WHAT IS EXPECTED |
Only the lines below starting at the one containing "IBGoodman 14K White" and ending at the one containing "CAPASITOR ELCO AUDIO" belong in the answer, each copied exactly.

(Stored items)

• • • • • • •

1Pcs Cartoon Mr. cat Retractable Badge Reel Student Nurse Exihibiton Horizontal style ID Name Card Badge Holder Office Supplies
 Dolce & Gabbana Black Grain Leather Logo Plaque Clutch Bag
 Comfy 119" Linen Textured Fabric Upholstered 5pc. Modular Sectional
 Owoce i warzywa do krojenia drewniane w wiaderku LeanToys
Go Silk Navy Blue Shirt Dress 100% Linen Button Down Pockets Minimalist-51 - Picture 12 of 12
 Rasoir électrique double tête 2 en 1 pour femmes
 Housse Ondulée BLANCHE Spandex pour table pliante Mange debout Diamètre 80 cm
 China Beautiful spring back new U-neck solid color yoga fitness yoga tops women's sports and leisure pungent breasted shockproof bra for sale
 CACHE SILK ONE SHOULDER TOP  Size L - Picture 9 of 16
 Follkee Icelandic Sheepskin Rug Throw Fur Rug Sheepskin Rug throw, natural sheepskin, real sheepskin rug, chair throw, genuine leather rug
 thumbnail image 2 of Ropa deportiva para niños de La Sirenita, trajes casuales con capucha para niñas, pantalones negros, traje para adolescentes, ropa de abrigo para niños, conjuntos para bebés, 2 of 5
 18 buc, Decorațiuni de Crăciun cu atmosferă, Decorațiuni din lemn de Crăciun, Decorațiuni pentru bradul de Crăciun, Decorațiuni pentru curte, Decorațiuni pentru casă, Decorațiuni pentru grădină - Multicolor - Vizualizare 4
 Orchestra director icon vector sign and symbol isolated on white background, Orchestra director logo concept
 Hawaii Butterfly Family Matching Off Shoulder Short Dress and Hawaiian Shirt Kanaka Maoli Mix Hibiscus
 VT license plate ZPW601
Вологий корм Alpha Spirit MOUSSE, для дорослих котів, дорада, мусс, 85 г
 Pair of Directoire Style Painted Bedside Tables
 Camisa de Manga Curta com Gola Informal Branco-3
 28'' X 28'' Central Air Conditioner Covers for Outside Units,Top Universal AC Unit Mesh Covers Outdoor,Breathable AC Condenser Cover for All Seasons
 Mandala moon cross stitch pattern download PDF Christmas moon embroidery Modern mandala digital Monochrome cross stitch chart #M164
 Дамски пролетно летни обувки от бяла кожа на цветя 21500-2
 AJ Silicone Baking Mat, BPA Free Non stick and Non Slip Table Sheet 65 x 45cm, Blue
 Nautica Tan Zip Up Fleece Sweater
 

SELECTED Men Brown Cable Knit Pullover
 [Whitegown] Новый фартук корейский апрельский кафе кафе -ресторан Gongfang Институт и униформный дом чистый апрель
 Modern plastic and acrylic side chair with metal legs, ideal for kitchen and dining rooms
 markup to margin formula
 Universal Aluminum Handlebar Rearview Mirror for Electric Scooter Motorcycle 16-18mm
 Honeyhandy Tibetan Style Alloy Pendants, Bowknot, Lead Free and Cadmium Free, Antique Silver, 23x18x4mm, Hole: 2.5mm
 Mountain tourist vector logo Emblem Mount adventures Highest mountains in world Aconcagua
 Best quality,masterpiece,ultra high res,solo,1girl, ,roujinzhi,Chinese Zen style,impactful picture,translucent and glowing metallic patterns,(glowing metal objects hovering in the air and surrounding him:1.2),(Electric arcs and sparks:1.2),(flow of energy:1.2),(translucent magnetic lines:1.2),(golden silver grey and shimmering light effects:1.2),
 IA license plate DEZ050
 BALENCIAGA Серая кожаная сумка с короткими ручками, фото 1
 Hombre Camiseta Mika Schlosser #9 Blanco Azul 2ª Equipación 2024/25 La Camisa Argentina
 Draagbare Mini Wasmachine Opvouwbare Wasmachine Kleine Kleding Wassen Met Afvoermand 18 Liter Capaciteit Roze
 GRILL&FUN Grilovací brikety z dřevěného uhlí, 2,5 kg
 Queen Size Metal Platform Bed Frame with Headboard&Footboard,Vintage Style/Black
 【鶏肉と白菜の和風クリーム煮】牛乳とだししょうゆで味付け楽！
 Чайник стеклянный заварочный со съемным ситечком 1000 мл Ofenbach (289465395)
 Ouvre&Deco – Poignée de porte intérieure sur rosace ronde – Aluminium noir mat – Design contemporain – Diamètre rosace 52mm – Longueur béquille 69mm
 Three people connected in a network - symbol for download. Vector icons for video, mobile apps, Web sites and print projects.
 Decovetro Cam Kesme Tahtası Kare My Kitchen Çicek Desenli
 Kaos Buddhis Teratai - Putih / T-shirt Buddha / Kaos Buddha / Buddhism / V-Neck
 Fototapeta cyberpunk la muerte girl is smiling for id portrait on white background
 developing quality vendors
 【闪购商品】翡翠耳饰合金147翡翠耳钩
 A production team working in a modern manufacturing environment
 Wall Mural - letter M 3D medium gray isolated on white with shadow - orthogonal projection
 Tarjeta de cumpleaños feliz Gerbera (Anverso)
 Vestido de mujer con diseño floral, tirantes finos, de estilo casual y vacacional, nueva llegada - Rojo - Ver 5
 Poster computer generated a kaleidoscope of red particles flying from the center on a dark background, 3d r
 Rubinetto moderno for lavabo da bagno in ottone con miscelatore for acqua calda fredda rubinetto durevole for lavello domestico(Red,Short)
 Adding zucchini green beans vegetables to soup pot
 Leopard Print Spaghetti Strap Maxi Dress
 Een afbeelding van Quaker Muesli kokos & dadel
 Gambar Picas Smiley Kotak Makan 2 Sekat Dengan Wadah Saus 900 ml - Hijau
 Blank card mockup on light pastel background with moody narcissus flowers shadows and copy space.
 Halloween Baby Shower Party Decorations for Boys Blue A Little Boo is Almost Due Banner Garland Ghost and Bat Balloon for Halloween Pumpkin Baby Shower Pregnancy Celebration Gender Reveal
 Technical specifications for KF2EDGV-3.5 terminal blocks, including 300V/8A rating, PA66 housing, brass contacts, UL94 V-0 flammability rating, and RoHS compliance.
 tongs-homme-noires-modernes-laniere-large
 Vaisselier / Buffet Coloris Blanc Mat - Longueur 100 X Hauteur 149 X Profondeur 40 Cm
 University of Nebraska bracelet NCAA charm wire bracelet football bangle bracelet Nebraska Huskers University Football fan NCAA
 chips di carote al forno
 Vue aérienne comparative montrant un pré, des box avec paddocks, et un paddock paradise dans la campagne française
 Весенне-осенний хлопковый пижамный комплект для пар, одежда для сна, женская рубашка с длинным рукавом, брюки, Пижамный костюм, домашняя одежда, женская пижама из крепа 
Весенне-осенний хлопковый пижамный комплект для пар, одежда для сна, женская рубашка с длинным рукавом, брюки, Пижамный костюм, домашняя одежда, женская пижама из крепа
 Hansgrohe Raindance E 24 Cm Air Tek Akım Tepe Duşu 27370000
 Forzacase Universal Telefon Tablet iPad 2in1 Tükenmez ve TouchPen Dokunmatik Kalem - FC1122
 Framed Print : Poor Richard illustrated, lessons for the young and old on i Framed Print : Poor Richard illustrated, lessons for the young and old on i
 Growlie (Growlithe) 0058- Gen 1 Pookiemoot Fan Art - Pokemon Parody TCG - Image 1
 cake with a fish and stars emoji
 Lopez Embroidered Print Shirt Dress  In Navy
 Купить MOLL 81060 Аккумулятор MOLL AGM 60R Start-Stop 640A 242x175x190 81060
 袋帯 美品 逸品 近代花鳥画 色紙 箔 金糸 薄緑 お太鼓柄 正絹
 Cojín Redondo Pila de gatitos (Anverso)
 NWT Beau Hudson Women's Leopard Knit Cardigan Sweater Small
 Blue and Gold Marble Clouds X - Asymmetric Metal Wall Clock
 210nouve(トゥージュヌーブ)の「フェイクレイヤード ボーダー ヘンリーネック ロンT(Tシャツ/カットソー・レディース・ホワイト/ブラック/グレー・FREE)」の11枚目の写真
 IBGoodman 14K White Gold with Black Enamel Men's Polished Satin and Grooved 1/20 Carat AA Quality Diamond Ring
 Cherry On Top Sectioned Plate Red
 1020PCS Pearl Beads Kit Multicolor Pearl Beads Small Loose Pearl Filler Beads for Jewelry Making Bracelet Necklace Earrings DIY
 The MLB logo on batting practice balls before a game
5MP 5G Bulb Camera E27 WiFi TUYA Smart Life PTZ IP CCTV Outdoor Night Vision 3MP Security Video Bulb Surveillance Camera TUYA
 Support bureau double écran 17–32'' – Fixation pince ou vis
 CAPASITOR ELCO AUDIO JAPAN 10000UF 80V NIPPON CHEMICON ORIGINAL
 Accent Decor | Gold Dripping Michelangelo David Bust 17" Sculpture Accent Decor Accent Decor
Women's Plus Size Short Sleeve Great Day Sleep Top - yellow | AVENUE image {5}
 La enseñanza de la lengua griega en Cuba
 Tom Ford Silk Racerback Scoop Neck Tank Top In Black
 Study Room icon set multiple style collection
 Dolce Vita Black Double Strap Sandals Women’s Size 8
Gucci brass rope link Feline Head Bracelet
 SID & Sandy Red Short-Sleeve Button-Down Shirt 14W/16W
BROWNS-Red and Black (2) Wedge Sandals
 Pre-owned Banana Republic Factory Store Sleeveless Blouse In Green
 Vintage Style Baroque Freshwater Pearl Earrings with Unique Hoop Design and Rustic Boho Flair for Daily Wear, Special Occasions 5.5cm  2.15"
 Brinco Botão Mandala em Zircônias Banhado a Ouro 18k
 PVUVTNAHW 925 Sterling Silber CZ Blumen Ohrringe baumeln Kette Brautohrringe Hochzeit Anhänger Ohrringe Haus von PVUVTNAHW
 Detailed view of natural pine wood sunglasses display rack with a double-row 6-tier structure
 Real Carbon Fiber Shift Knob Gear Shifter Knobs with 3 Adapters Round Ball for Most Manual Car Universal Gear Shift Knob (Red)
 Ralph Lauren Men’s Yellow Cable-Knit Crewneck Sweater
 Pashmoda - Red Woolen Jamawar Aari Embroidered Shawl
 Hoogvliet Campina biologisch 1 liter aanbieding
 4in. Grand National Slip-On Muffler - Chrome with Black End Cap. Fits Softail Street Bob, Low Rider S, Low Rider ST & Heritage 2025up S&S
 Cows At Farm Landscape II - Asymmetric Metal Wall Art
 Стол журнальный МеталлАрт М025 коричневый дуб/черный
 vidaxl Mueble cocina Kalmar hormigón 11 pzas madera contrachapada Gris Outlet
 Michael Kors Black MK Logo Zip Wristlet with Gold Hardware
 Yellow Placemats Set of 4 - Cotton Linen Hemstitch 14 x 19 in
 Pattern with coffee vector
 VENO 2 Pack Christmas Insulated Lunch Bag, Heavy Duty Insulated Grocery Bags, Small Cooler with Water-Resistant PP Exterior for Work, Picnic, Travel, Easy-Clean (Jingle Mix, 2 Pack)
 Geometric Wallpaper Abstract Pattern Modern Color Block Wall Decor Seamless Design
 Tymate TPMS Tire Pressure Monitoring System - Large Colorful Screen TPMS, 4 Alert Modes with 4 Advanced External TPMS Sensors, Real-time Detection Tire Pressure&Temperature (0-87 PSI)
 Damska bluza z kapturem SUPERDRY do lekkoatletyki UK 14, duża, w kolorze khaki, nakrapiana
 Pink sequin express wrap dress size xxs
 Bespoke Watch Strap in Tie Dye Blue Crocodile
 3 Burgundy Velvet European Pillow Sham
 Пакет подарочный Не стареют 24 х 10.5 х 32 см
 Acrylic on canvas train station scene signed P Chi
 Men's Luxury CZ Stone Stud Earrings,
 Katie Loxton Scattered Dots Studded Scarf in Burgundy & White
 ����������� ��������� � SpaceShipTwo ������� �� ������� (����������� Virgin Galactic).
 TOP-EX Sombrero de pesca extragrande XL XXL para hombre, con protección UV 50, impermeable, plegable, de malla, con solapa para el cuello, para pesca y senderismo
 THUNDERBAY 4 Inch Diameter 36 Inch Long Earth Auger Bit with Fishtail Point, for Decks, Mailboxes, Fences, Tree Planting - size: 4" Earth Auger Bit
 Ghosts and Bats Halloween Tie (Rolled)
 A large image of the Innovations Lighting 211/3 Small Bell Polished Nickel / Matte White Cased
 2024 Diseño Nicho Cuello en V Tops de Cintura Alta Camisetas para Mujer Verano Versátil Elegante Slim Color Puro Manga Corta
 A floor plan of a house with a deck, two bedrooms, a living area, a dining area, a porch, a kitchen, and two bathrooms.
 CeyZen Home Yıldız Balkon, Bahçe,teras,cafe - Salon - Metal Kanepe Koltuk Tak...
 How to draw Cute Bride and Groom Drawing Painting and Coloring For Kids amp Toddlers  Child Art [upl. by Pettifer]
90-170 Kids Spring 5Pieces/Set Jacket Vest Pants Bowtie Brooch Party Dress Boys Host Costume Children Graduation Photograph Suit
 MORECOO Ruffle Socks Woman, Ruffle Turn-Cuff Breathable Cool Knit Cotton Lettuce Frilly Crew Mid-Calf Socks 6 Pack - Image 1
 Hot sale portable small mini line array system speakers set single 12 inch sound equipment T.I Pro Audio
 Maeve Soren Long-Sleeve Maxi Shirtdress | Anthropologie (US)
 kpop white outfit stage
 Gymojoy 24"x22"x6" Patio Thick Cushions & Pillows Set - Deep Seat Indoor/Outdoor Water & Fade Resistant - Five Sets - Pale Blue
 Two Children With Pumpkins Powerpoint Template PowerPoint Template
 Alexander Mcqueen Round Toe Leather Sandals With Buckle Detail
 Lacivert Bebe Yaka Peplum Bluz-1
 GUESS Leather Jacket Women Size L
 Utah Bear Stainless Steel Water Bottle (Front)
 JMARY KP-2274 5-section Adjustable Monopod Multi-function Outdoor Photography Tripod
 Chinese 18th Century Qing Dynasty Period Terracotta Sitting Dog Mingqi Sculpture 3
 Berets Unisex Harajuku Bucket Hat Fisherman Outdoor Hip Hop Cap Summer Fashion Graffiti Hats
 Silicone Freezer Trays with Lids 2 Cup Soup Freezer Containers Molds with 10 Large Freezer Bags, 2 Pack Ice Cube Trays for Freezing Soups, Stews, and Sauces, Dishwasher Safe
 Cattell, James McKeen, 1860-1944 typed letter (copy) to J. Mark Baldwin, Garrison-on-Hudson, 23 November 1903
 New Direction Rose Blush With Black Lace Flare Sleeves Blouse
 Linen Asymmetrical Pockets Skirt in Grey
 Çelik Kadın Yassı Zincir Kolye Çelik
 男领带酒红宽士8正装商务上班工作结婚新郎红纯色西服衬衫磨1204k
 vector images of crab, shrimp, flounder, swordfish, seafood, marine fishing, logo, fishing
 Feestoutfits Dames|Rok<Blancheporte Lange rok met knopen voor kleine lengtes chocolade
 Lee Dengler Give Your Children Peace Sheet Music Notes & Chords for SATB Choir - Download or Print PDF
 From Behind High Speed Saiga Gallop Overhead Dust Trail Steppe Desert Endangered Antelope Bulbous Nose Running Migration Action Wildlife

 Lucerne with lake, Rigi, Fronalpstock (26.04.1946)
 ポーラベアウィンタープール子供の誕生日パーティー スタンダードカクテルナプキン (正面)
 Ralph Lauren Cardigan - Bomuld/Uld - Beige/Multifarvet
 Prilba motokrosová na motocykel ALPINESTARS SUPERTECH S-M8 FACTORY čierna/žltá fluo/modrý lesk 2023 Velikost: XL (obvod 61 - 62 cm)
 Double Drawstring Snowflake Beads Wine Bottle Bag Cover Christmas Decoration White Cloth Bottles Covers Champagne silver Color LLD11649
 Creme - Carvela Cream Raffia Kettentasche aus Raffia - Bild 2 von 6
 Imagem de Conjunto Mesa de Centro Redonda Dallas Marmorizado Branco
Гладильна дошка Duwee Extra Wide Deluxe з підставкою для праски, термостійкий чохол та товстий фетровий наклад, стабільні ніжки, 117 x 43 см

• • • • • • •

THE COMPLETED TASK |
 IBGoodman 14K White Gold with Black Enamel Men's Polished Satin and Grooved 1/20 Carat AA Quality Diamond Ring
 Cherry On Top Sectioned Plate Red
 1020PCS Pearl Beads Kit Multicolor Pearl Beads Small Loose Pearl Filler Beads for Jewelry Making Bracelet Necklace Earrings DIY
 The MLB logo on batting practice balls before a game
5MP 5G Bulb Camera E27 WiFi TUYA Smart Life PTZ IP CCTV Outdoor Night Vision 3MP Security Video Bulb Surveillance Camera TUYA
 Support bureau double écran 17–32'' – Fixation pince ou vis
 CAPASITOR ELCO AUDIO JAPAN 10000UF 80V NIPPON CHEMICON ORIGINAL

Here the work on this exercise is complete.